Macron devant les parlementaires de la majorité, avant la fusillade de Strasbourg

Souvent en première ligne, les parlementaires de la majorité, ébranlés par la crise des "gilets jaunes", ont été reçus mardi soir par Emmanuel Macron, auquel plusieurs députés reprochent un manque d'écoute, mais la rencontre a été écourtée par la fusillade de Strasbourg.

Alerté "pendant son discours", le chef de l'Etat a pris connaissance du premier bilan transmis par le chef d'état major, en a dit quelques mots puis a écourté la réunion, selon plusieurs participants.

Auparavant, le président s'était livré à un "exercice de remobilisation collective" et d'explication, voire "un examen de conscience partagé" en pleine crise des "gilets jaunes", selon plusieurs "marcheurs".

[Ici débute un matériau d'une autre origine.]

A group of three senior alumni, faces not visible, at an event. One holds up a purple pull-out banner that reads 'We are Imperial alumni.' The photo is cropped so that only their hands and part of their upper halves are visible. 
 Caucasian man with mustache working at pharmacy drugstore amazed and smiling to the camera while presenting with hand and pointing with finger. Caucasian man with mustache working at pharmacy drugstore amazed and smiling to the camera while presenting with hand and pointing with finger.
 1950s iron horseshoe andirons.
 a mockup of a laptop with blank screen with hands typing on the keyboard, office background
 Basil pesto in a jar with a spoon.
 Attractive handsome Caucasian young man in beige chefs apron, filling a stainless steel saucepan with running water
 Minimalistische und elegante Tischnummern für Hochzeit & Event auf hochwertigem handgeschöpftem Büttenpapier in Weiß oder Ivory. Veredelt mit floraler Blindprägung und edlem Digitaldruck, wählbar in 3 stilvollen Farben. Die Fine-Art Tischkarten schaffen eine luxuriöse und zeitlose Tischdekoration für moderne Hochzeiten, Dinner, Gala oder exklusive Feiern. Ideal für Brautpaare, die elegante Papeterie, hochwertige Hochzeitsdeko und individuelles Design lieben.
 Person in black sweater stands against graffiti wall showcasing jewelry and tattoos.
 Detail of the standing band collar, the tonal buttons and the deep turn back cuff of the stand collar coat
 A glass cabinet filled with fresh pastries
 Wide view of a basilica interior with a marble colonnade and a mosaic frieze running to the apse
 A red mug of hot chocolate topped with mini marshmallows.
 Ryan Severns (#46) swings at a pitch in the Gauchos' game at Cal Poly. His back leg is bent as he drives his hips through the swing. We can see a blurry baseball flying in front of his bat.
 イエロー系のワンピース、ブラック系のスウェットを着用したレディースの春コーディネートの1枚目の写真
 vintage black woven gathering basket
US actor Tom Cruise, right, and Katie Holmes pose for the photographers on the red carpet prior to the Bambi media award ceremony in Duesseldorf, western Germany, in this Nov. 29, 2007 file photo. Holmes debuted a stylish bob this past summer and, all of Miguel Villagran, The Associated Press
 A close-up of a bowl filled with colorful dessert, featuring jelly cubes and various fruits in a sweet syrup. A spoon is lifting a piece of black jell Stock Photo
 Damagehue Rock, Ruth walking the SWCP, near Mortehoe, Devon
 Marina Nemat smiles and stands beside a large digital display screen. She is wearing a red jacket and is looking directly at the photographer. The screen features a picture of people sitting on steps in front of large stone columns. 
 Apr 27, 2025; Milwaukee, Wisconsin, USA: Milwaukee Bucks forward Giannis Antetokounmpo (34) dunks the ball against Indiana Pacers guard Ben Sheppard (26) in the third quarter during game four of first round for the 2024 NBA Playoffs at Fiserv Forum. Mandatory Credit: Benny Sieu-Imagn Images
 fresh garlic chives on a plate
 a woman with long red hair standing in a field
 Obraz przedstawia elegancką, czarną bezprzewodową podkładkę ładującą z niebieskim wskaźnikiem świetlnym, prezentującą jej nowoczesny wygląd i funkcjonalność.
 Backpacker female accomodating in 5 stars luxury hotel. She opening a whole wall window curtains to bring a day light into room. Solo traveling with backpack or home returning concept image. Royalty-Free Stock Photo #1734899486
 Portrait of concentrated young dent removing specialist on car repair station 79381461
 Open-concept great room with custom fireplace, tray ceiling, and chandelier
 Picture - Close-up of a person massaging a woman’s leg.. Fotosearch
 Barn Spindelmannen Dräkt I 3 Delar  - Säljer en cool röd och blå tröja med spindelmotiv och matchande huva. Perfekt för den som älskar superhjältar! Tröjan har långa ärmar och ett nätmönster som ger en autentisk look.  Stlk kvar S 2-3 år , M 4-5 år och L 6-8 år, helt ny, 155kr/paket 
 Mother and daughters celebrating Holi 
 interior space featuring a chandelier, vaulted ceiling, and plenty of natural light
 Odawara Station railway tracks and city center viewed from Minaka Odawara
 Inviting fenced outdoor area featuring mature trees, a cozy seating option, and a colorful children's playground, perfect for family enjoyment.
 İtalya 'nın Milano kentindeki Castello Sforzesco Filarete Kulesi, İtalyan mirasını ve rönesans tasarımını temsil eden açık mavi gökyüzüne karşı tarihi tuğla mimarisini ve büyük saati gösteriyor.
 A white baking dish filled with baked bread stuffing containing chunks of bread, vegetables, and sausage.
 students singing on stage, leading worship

Il a souhaité une meilleure "co-construction" entre la majorité et le gouvernement, et a poussé les parlementaires, "premiers non cumulards", à aller davantage sur le terrain et en substance à ne pas se laisser "parisianiser".

"On ne peut réformer qu'avec le peuple et les corrections que j'ai faites s'inscrivent dans l'ADN d'En Marche", avec le travail qui doit payer plus, a-t-il justifié au lendemain de ses annonces aux Français, selon des propos rapportés.

Et en forme de mea culpa: "En avançant sur l'économique très rapidement à juste titre, mais en jalonnant les attentes sociales, c'était une erreur" et cela ne correspondait pas au "en même temps". C'est pourquoi "nous devons agir pour ceux qui travaillent et ne joignent pas les deux bouts".

Les "marcheurs", pour la plupart novices en politique, ont reçu de plein fouet dans leurs circonscriptions la colère des "gilets jaunes".

Plusieurs permanences vandalisées, quelques domiciles approchés par des manifestants, une élue affirmant ne pouvoir sortir sans un gendarme à ses côtés... Pire: une balle reçue par Benoit Potterie avec ce message: "La prochaine fois, tu la prends entre les deux yeux".

- Parlementaires "éprouvés" -

"Ces actes criminels ne doivent pas nous faire céder à la peur, à la surenchère ou à la confusion", a affirmé mardi dans l'hémicycle la députée de Dordogne Jacqueline Dubois, dont le véhicule et celui de son mari sont partis en fumée samedi. Edouard Philippe a condamné des actes "gravissimes".

Le rendez-vous à l'Élysée avec les 370 parlementaires LREM et MoDem, pas rencontrés collectivement depuis l'affaire Benalla, devait permettre de réconforter des élus "très éprouvés" et la réunion, prévue de longue date, devait avoir "une dimension à la fois politique et psychologique", selon l'entourage du président.

La réunion de groupe hebdomadaire, dans la matinée, a donné lieu à une "discussion franche" et l'ensemble du groupe est tombé d'accord sur le fait "qu'il est nécessaire d'impliquer davantage les députés dans le processus de décision", selon un participant.

"Beaucoup de députés ont exprimé leurs difficultés actuelles, l'impression de ne pas avoir été assez entendus", d'après Matthieu Orphelin, selon qui "beaucoup ont (aussi) demandé à porter des options politiques, ce qui nous a sans doute manqué dans les 18 premiers mois".

Yves Daniel, issu des rangs socialistes, a plaidé devant ses pairs pour qu'il n'y ait pas de "rupture de chaîne" d'information comme sous le précédent quinquennat, des élus de terrain jusqu'au président: "Le président du groupe doit mettre de l'huile dans les rouages".

Natalia Pouzyreff s'est étonnée que les parlementaires LREM n'aient pas été reçus jusqu'alors à l'Élysée, contrairement à des maires des Yvelines vendredi, emmenés par Karl Olive (LR). Mais il y a une "crise de confiance" avec les maires, pas avec les députés, lui a rétorqué une collègue.

Le patron du groupe majoritaire Gilles Le Gendre a lui assuré qu'ils auraient "un rôle essentiel" à jouer, notamment dans la concertation sur les territoires. Marie Guévenoux et Eric Bothorel ont été désignés pilotes il y a une semaine déjà.

"Les annonces faites hier (lundi) sont maintenant nos annonces. Nous devons les porter et les défendre", a souligné auprès de l'AFP Adrien Taquet (Hauts-de-Seine), tandis qu'un autre pointait une certaine "immaturité" chez certains macronistes, manquant de sens politique.